Exercise prompt >>
Look in the data below for the line that has "Firlar JYCAR Hanging", then print exactly every line from there through the line that has "Women Pajamas Two", leaving pictures out.

Material shown >>
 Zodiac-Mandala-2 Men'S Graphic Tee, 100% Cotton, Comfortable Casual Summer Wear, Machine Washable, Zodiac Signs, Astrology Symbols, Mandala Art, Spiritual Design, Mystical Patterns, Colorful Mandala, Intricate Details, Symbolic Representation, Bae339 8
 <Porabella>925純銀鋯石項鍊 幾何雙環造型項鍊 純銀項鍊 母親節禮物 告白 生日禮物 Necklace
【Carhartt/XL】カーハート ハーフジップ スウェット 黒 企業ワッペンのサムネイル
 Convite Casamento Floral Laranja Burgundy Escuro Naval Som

...

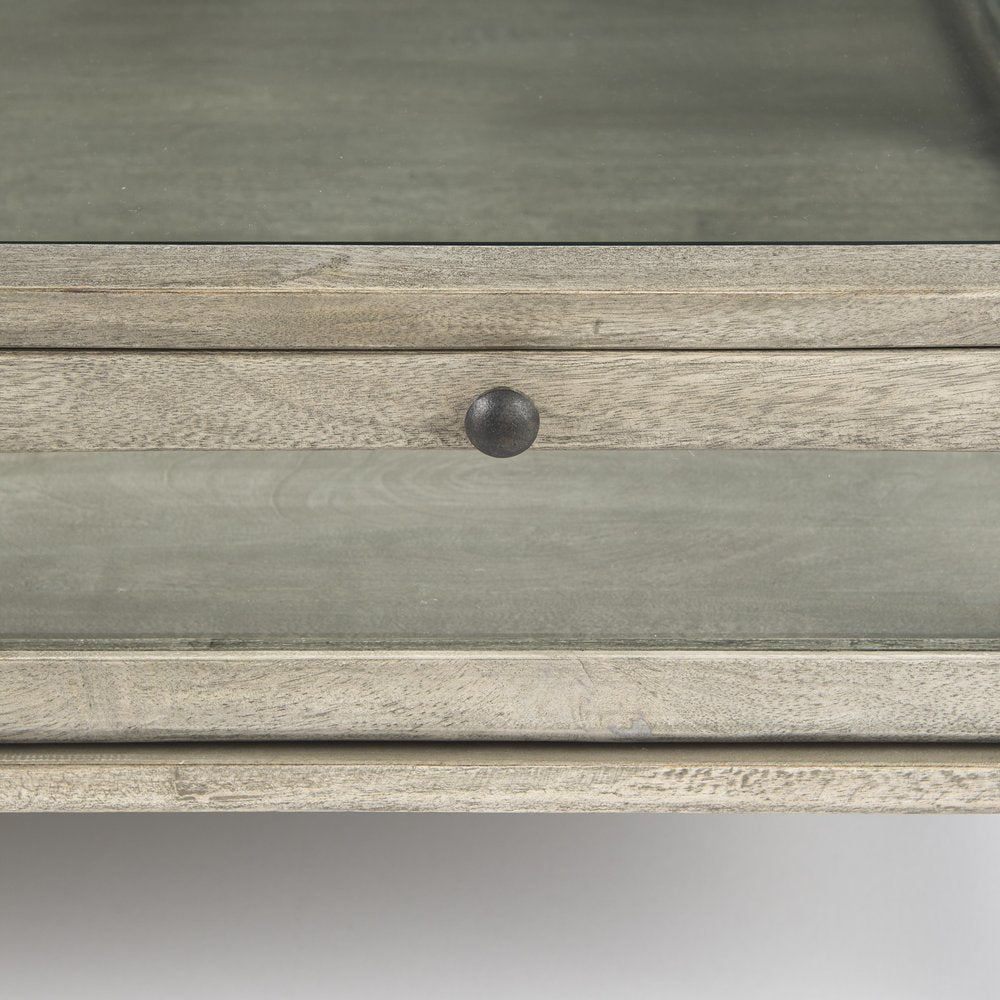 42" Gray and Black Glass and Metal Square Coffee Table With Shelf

--

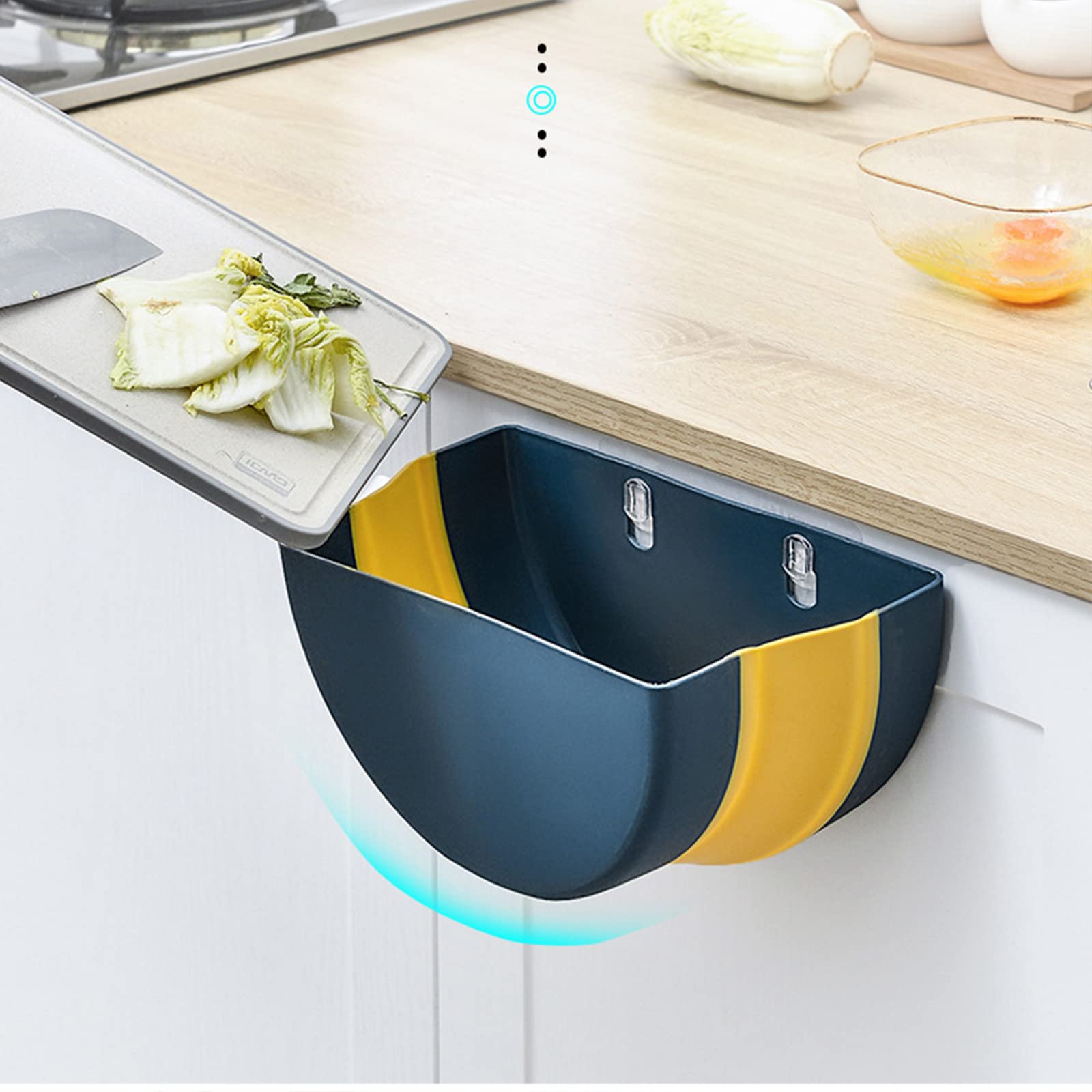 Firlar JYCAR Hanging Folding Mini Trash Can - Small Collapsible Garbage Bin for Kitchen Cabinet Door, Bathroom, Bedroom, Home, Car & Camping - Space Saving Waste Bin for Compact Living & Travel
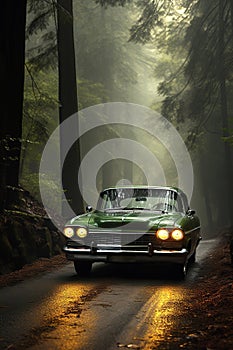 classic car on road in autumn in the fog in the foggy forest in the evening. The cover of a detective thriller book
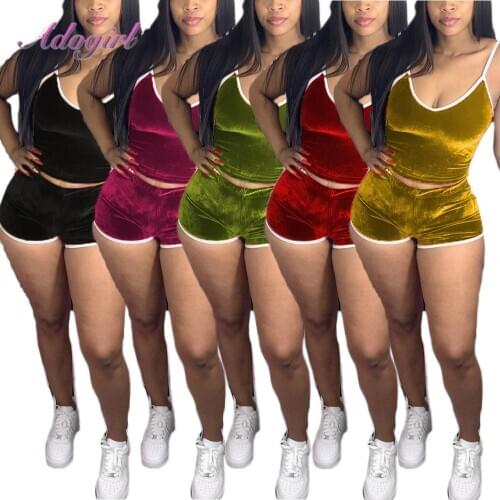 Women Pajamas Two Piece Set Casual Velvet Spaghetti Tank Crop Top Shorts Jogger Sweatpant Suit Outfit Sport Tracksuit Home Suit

Task output >>
 Firlar JYCAR Hanging Folding Mini Trash Can - Small Collapsible Garbage Bin for Kitchen Cabinet Door, Bathroom, Bedroom, Home, Car & Camping - Space Saving Waste Bin for Compact Living & Travel
 classic car on road in autumn in the fog in the foggy forest in the evening. The cover of a detective thriller book
 Women Pajamas Two Piece Set Casual Velvet Spaghetti Tank Crop Top Shorts Jogger Sweatpant Suit Outfit Sport Tracksuit Home Suit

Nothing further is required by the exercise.